On mySimon: Ultimate Box Sets!
BNET Business Network:
BNET
TechRepublic
ZDNet

By Jerome Pesenti, Vivisimo
Posted on ZDNet News: Nov 9, 2006 7:17:00 PM

Commentary--As search capabilities move out of applications and across the organization, the potential for security breaches increases greatly. Yet, despite the buzz around search these days, security is one aspect that few have paid much attention to.

When implemented carelessly, search engines have the potential to uncover flaws in existing security frameworks and can expose either restricted content itself or verify the existence of hidden information to unauthorized users. Either scenario can have dire consequences.

Before introducing an enterprise search solution, organizations must carefully document their requirements, understand how their search solution handles security, test extensively before deployment, and monitor performance after the rollout.

Search engine security defined
"Search engine security" is a form of access control restricted to the context of a search application and is primarily about ensuring that in the course of using a search application, users can only access information they are permitted to see. Search engine security is only concerned with the information accessed through the search application and not with information delivered by other means. For example, once a user clicks on a link pointing to an independent resource, it is no longer in the domain of the search application. Further, search engine security is not about hiding links––if links to sensitive content exist, that is a problem that needs to be addressed at the source, not by hiding them in the search engine.

In addition, unlike security for the systems storing information, search engine security is only concerned with read access. Access control in general is critical for obvious reasons––confidentiality, privacy, competitive intelligence, etc. On the one hand, compared to other types of computer security, access control violations are often limited and do not have the domino effect that result from most computer security breaches. On the other hand, search engine security is often seen as the most critical of the access control issue because a search engine can expedite the process of revealing security holes.

Imagine a system with millions of files, some of which have unprotected, confidential or critical information. Without a search engine, a malicious user would have to scour all of these files one by one. With a search engine a user can just type well chosen keywords targeting critical and/or confidential information. Here is where read access comes into play. Read access involves not only being able to read the content, but also knowing that it exists. Consider, for example, the employee who searches his/her intranet using keywords targeting critical and/or confidential information. Examples include:

- List of passwords
- Social security numbers
- Salary of John Doe
- Employee reviews
- Company secrets

Even allowing a user to know that a file with certain content exists can be a serious security breach. Imagine searches such as: "X should be fired," "merger with Y" or "June sales are low." The simple title of these results could reveal extremely sensitive information.

No silver bullet
Organizations have taken a variety of approaches to search engine security, from simple identification and authentication to "access control list" (ACL) indexing and federated search, and even mixed approaches that combine elements of the former. Each approach has benefits and drawbacks that make it the right or wrong approach for any given organizations.

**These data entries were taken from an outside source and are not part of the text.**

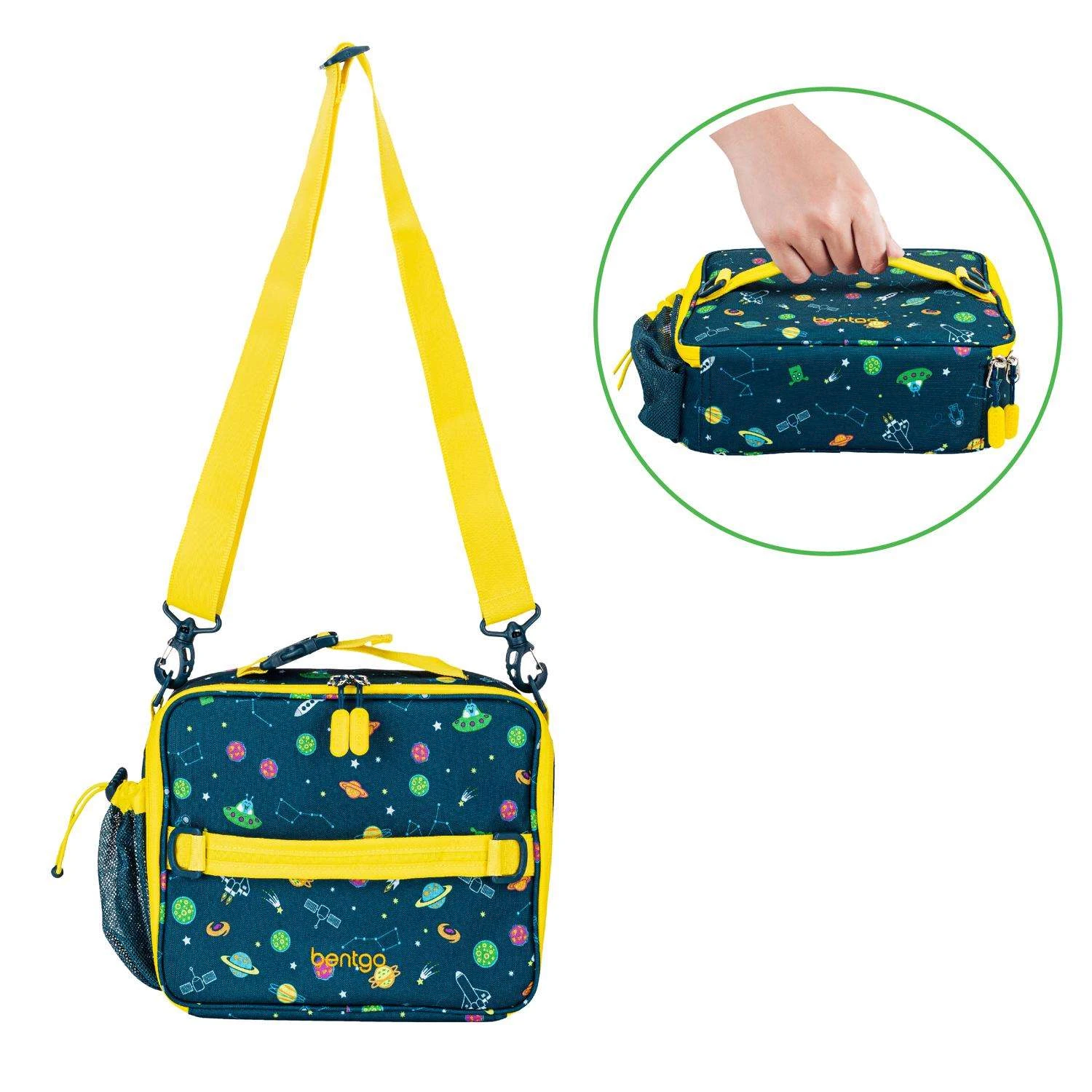 Bentgo Bentgo Kids Prints Space Reusable Lunch Bags 1 Pk 4 Bentgo Bentgo Kids Prints Space Reusable Lunch Bags 1 Pk - Image 2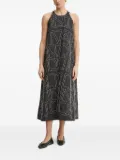 Liviana Conti geometric-print sleeveless midi dress - Black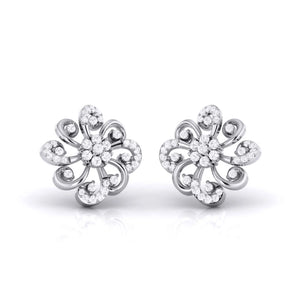 Designer Platinum Diamond  Earrings JL PT E MST 19   Jewelove.US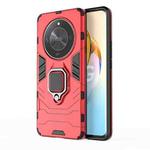 For Honor X50 PC + TPU Shockproof Protective Phone Case with Magnetic Ring Holder(Red)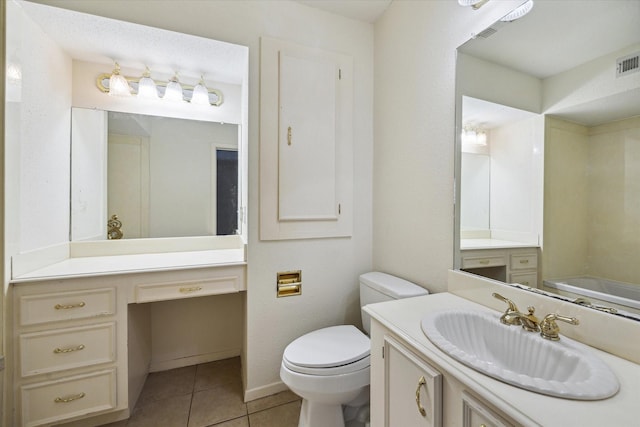 4040 San Felipe St Unit 135, Houston, TX 77027 - full bathroom featuring vanity and tile patterned floors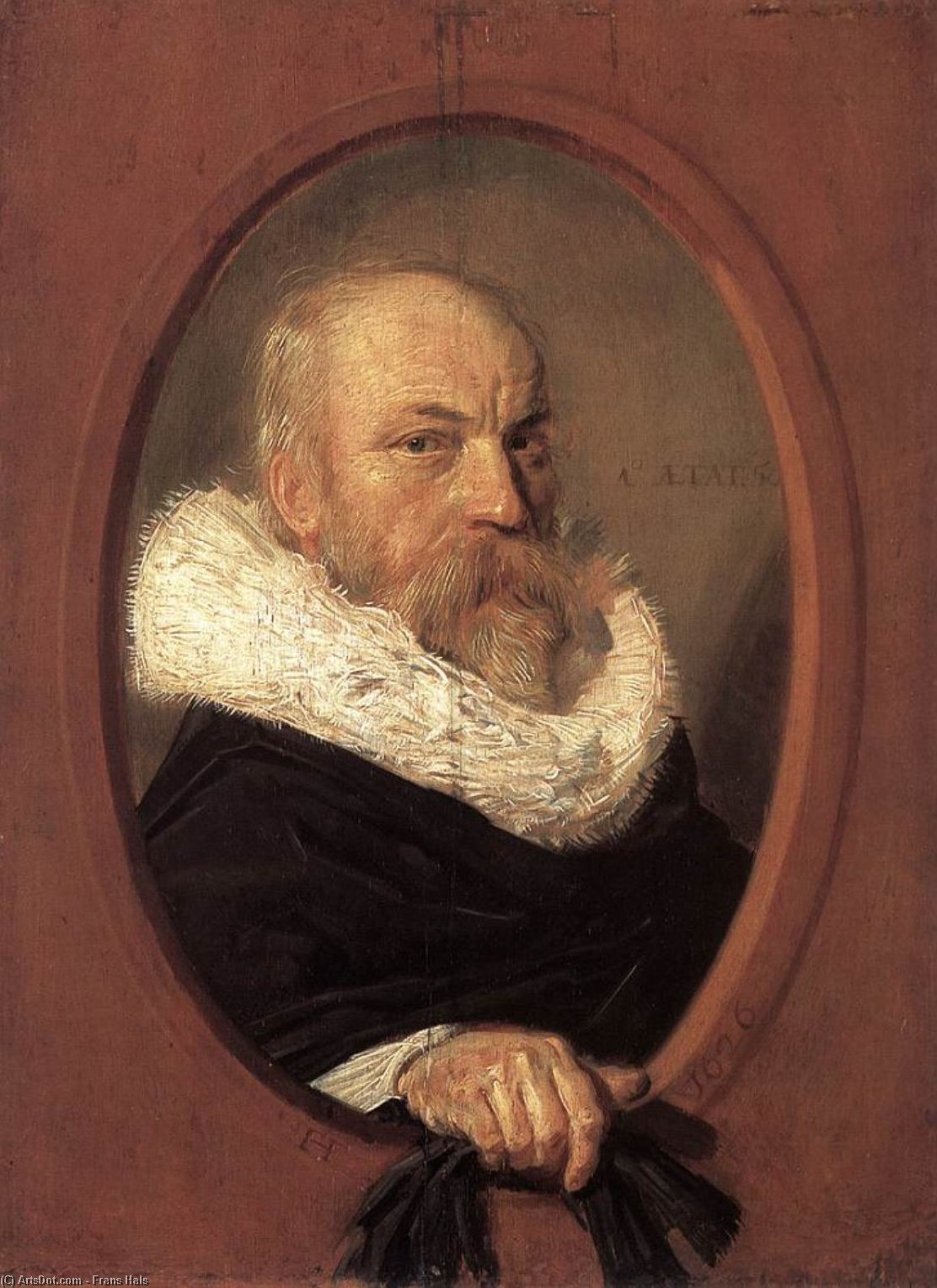 Wikioo.org - The Encyclopedia of Fine Arts - Painting, Artwork by Frans Hals - Petrus Scriverius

The bottom line is that search engine security is one of the most challenging problems for enterprises and this shear complexity makes it critical not only to do it right, but also often requires a custom approach for each organization. There is no silver bullet; therefore search applications need to offer a variety of security tools that are easily configurable, while at the same time able to handle the most complex and demanding security requirements. Each organization must understand its needs, its IT infrastructure and its security goals in order to find the solution that fits the best.

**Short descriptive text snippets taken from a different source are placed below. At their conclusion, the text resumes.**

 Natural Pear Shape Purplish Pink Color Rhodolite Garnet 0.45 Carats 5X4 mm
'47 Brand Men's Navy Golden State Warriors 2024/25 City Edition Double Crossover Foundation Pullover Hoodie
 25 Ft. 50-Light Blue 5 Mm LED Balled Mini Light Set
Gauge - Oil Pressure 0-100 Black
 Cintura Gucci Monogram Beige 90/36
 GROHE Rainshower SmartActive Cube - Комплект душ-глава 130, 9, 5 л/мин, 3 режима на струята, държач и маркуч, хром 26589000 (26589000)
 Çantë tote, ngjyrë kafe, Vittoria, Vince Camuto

In general, a good search engine application will mirror a pre-existing security framework and rely as much as possible on external processes to conduct authentication and authorization. This will decrease the complexity of the implementation, the need for synchronization and consequently, the risk of errors. Furthermore, it needs to be flexible, but as out-of-the-box as possible in order to avoid too much configuration complexity which is a sure recipe for introducing errors that have potentially dire security consequences.

So how should organizations proceed when considering deploying a search engine? Here are a few simple steps to handle the security conundrum:

1. Collect all necessary information beforehand to define the specifications as exhaustively as possible. Design choices need to be made early on. Determine the different dimensions of the search security requirements: username and security group domains, ACL granularity (domains, documents and content), freshness requirements, etc.

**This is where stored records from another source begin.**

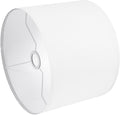 Large 13" x 13" x 11" Natural Linen Drum Lamp Shade E340825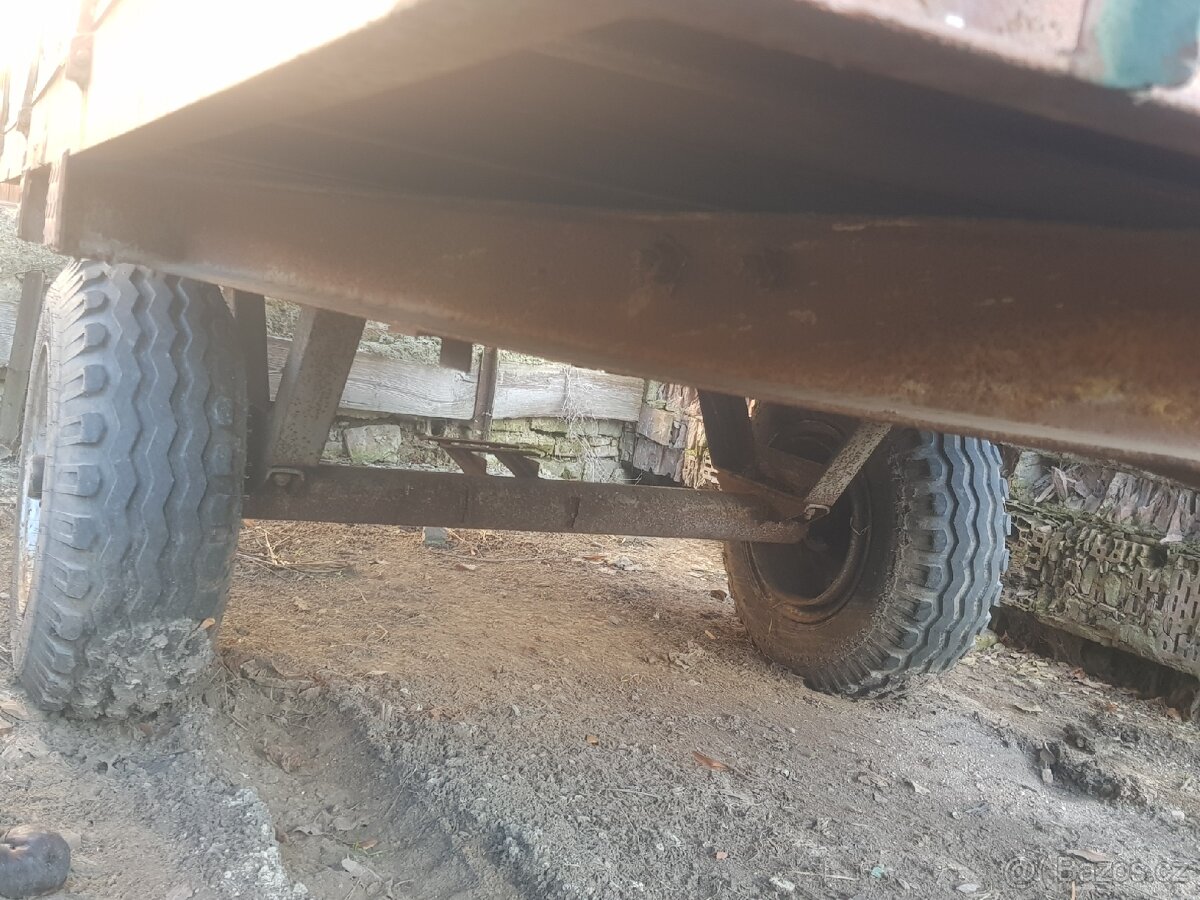 vlek za traktor ,vůz , vlečka , vozík ,kára - 4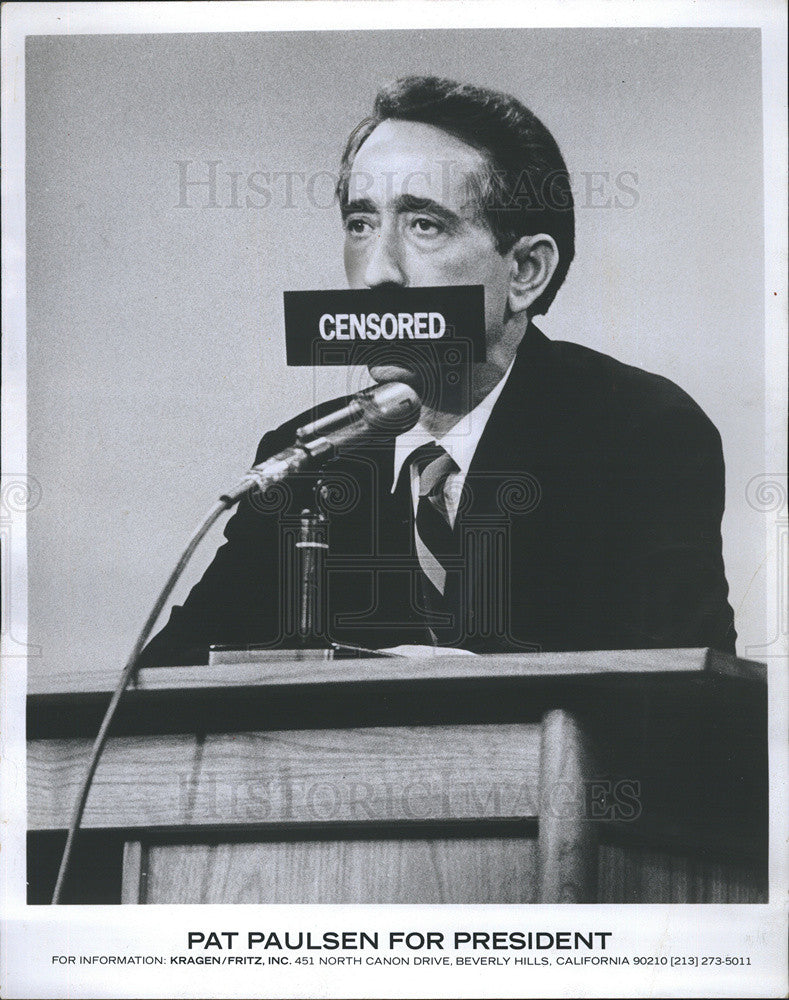 1968 Press Photo Comedian Pat Paulsen - Historic Images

2. Create a test environment that is as realistic as possible and able to demonstrate the feasibility of all the security aspects identified in the specifications.

3. Test before you buy! Do not buy a product on paper; test it in a real environment to see if it can handle all of your security requirements. Pay great attention to the ease of configuration, the likelihood of committing configuration errors and the expertise of the support staff.

4. Test before you launch. A search engine is a great tool to expose security holes in your pre-existing framework. Before deploying your search application organization-wide, employ a small set of trusted users to try to identify security problems and resolve them before the launch.

5. Monitor the use and the performance of the application and modify its configuration accordingly.

6. Enjoy the power of an organization-wide, secure, fast and well configured search engine!

biography
Jerome Pesenti is chief scientist and co-founder of Vivisimo, Inc., a leading provider of search software and expertise. He was previously a visiting scientist at Carnegie Mellon's computer science department, carrying out research on document clustering and data mining. He can be contacted at jpesenti@vivisimo.com.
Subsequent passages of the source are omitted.